| TASK STATEMENT |
Repeat only the lines from the one containing "Miniatura: Ide de" to the final line below, exactly as they read, and leave every picture out.

| DATA EXCERPT |

****************************************

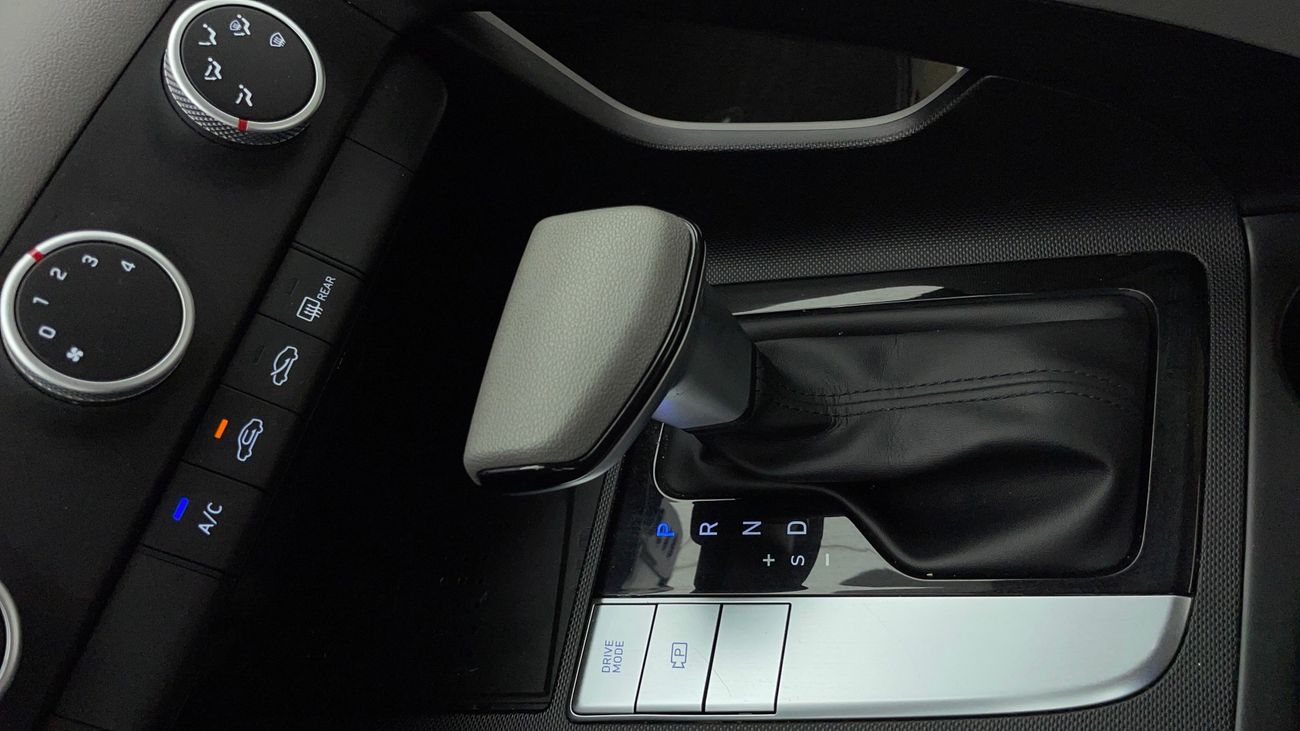 Hyundai Elantra SMART 1.6 | Zero Down Payment | Home Test Drive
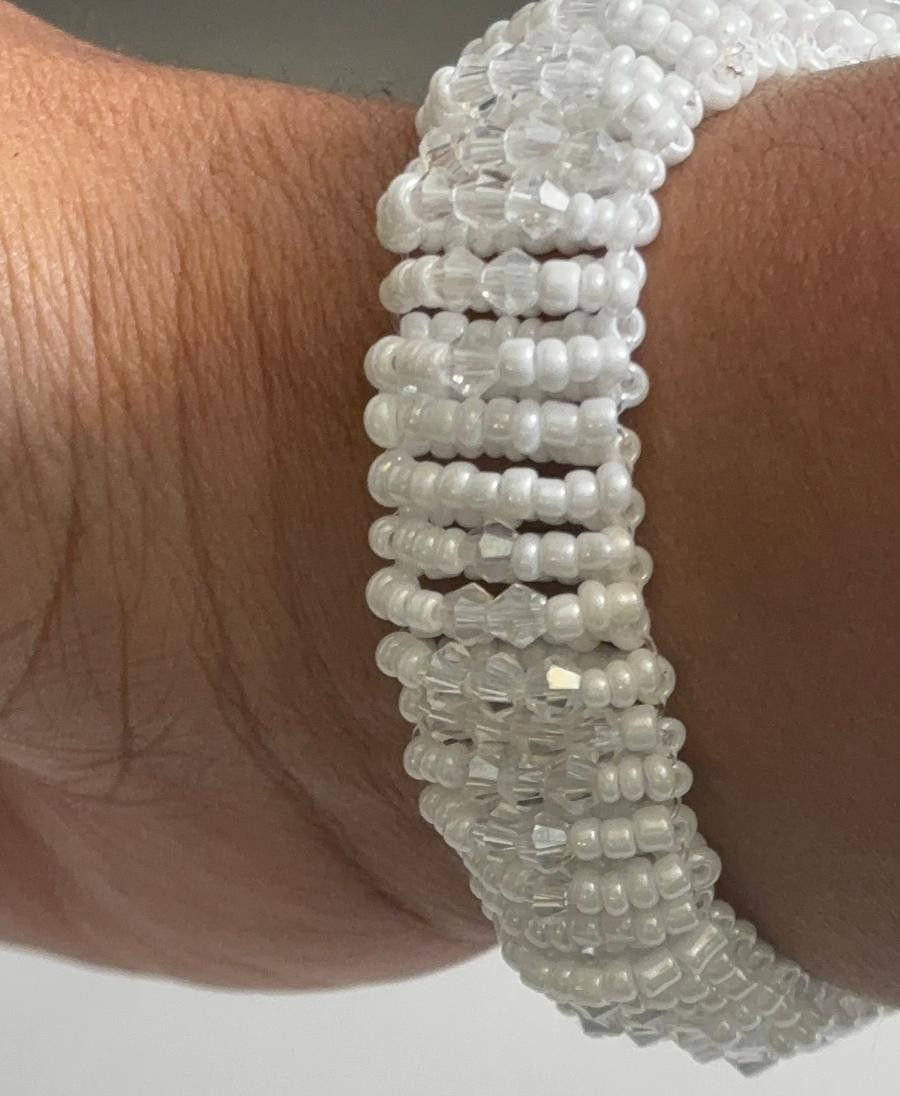 Miniatura: Ide de Obatalá – Pulsera Ceremonial Blanca | Paz, Pureza y Protección | Hecho a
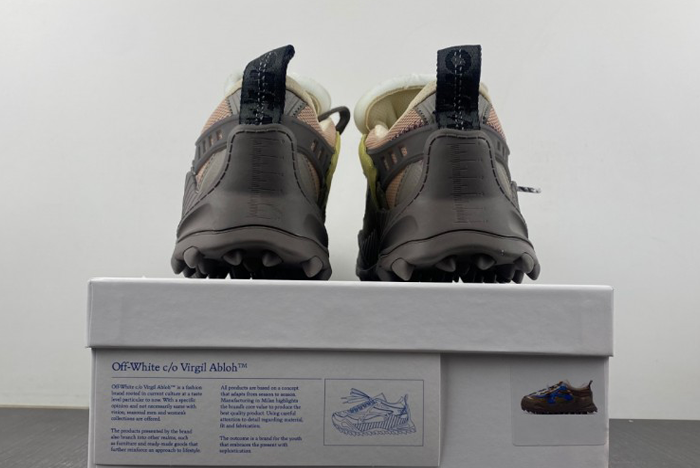 Off-White c/o Virgil Abloh 。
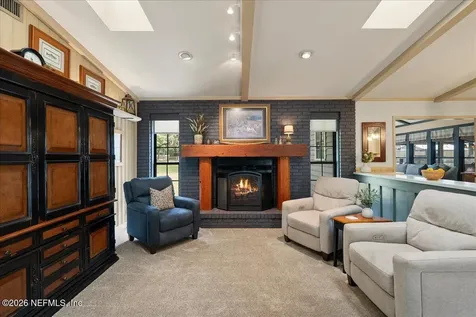 8825 Quail Roost Court Jacksonville FL 32220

****************************************

| SOLUTION TO THE EXERCISE |
 Miniatura: Ide de Obatalá – Pulsera Ceremonial Blanca | Paz, Pureza y Protección | Hecho a
 Off-White c/o Virgil Abloh 。
 8825 Quail Roost Court Jacksonville FL 32220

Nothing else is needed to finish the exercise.